In Kith, Jay Griffiths asks why that is, and through her examination of the very nature of childhood, exposes how contemporary society is denying children the time, space and place to enact their child nature, with serious consequences.
While travelling the world in order to write her award-winning book Wild, Jay Griffiths became increasingly aware of the huge differences in how childhood is experienced in indigenous cultures. From communities in West Papua and the Arctic to the ostracised young people of contemporary Britain, she asks why we have enclosed our children in a consumerist cornucopia but denied them the freedoms of space, time and deep play. She uses anthropology, history, philosophy, language and literature to illustrate children’s affinity for the natural world, for animals and woodlands, and examines the quest element of childhood. Arguing that the risk-averse society enfeebles children, robbing them of the physical freedom they both want and need, Griffiths illustrates how the stress of overscheduled lives denies children their hours of unclocked reverie.

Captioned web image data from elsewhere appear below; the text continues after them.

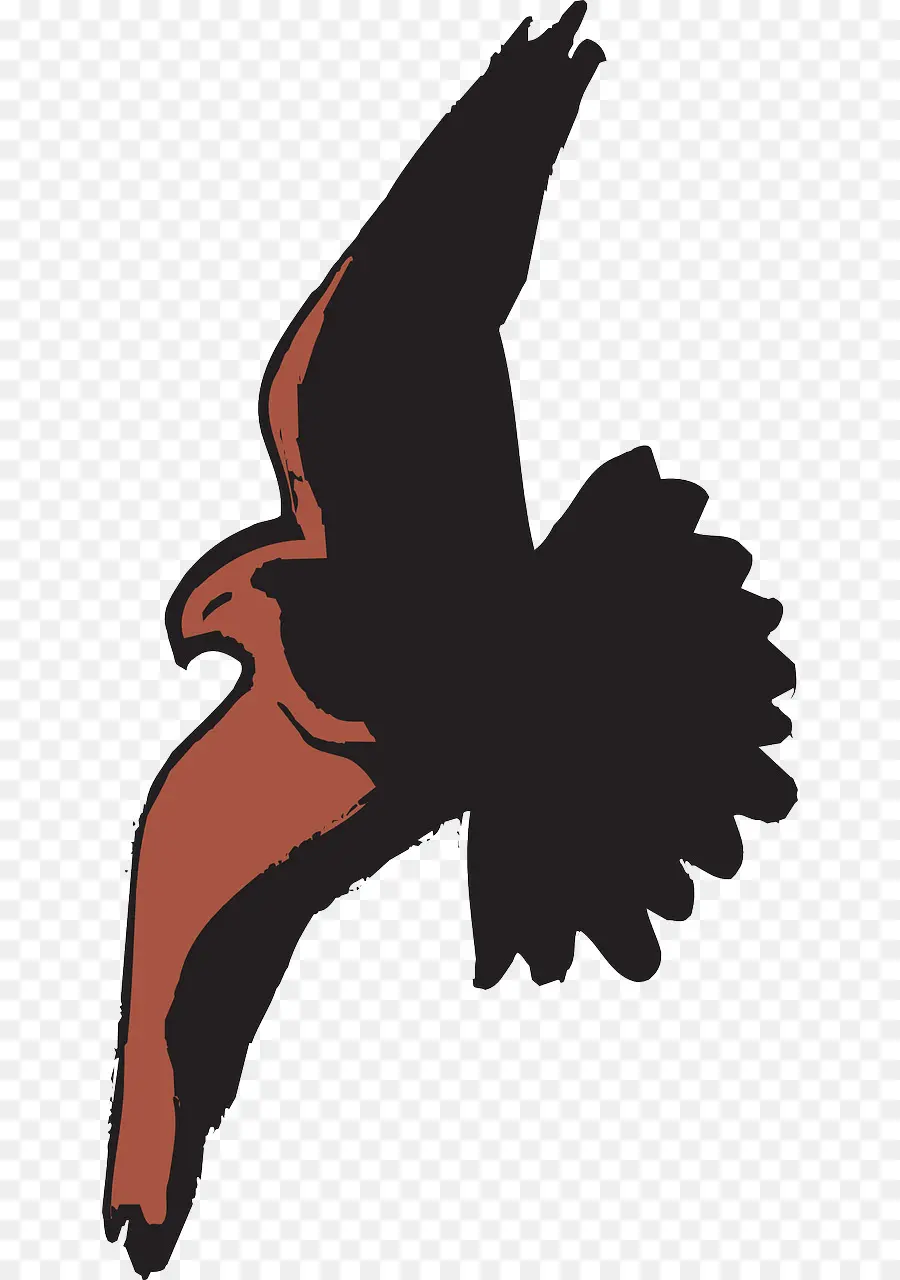 Oiseau Volant，Ailes PNG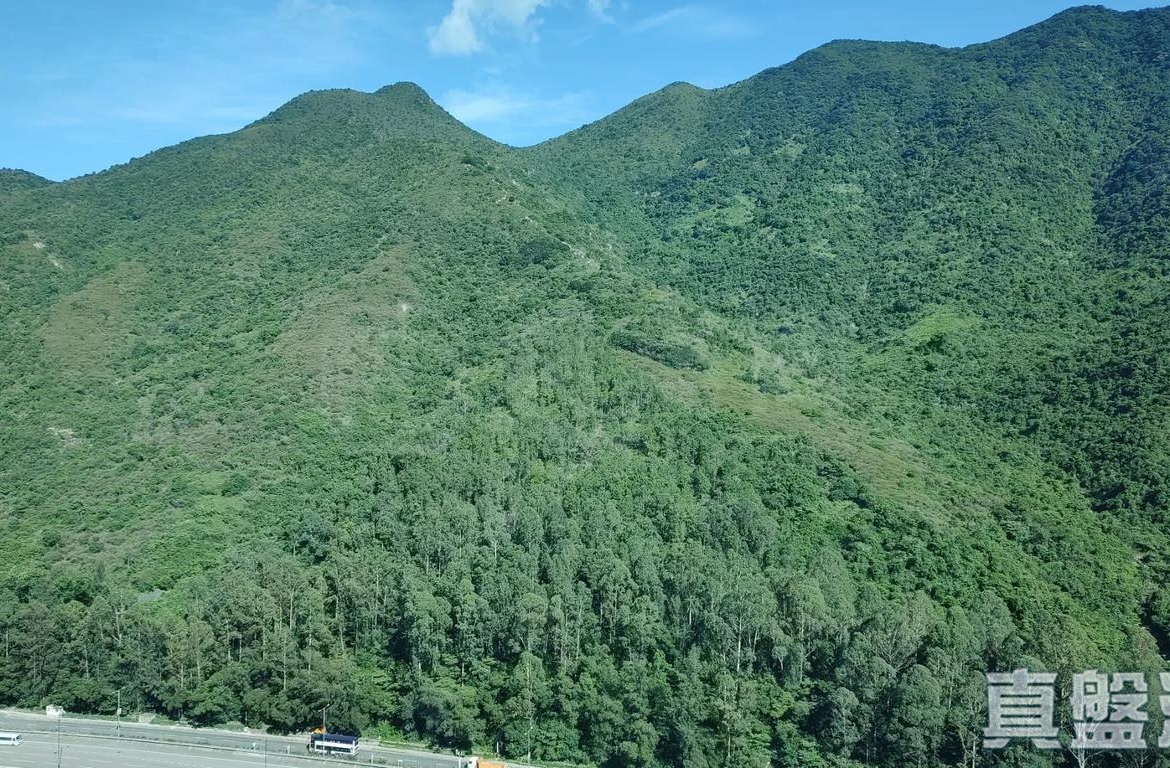 映灣園 3期 悅濤軒 11座 - 28NTS – 香港北部都會區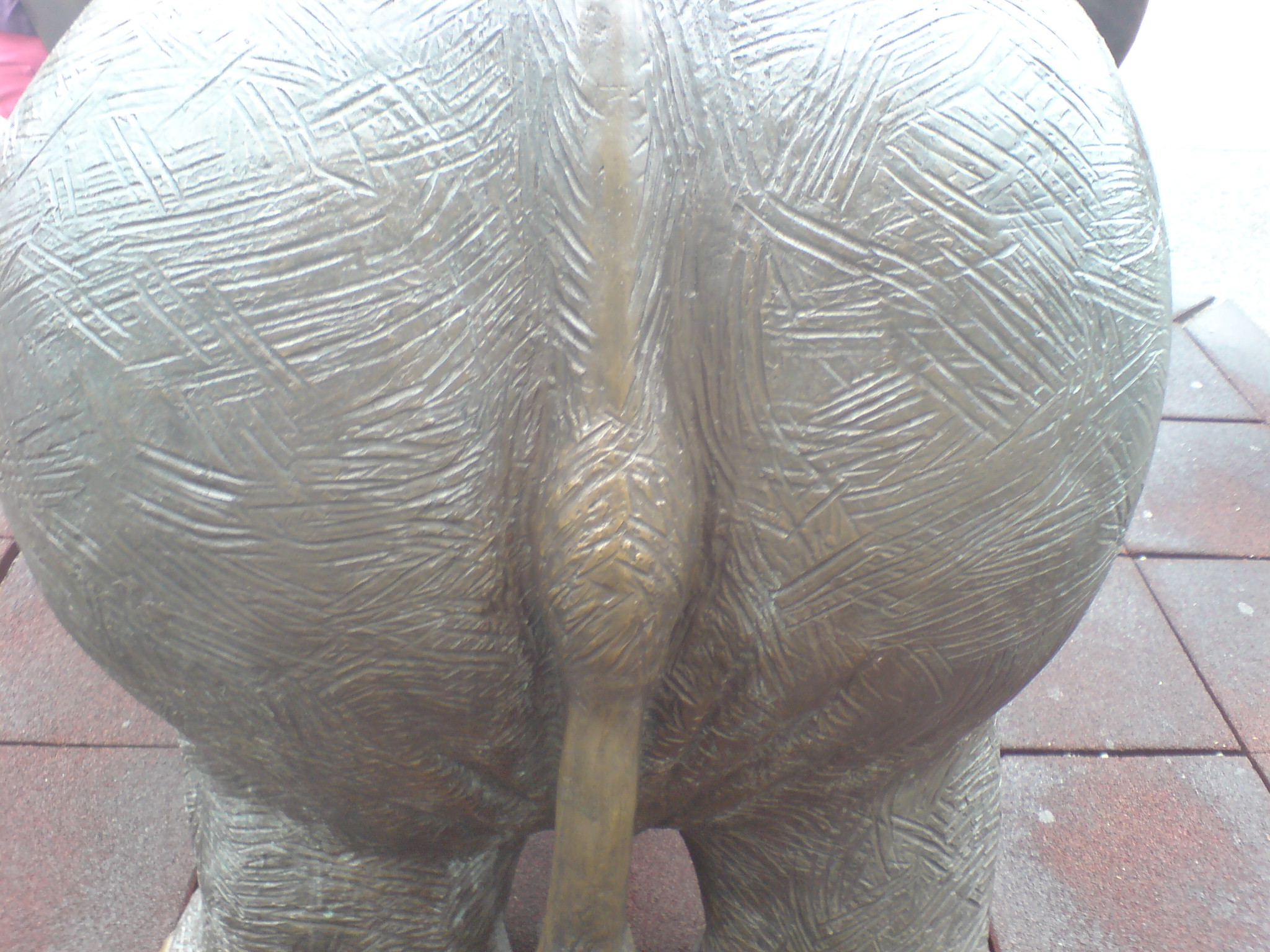 DSC01345.jpg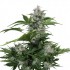 White Dwarf – samokvetoucí semena marihuany Buddha Seeds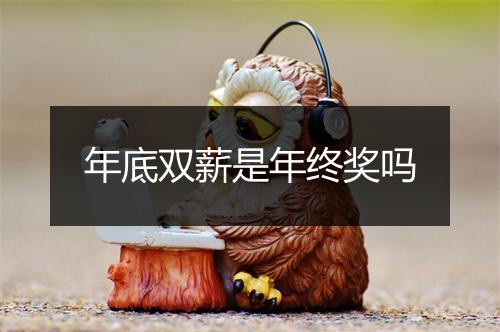年底双薪是年终奖吗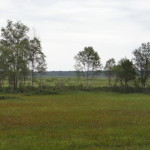 store_mosse_nationalpark_03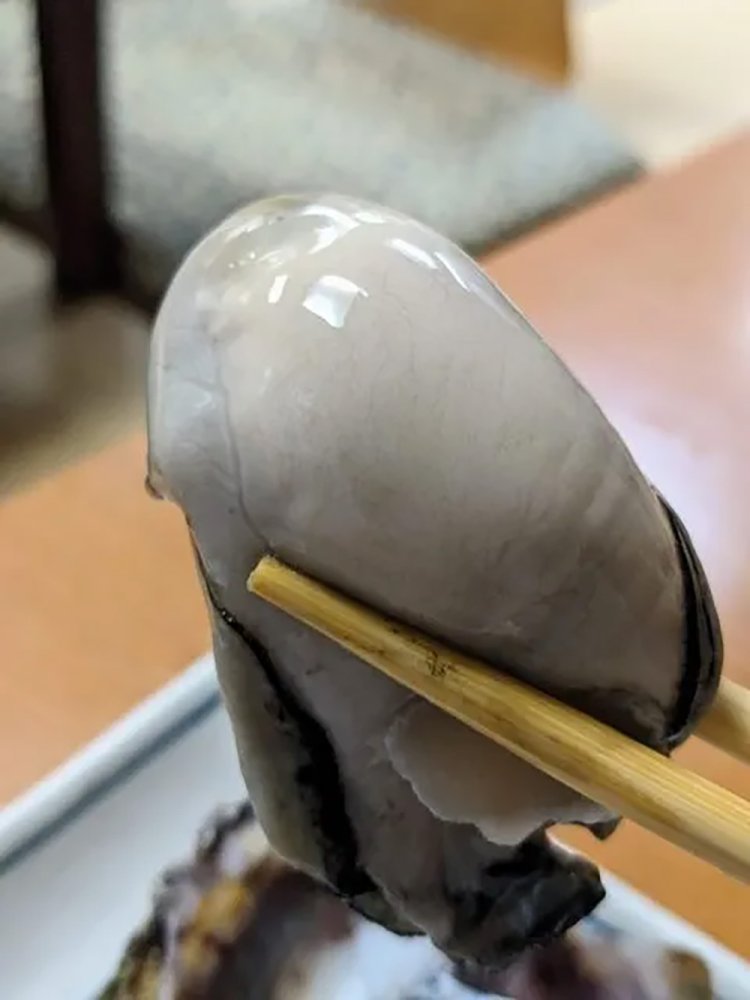 【酒場ナビ】新潟「喜ぐち」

Kith examines the history of breaking the will of the child and explores issues of childhood privacy, contemporary surveillance, the importance of folk tales, children’s relationship with pets and the profound politics of childhood. It looks at the extraordinary psycho-drama played out when Settler children, taken by Native Americans, refused to be rescued, and includes the way children have seized power over their own lives. A book of stories, it includes the one real-life Lord of the Flies situation – with the result the reverse of Golding’s bleak vision.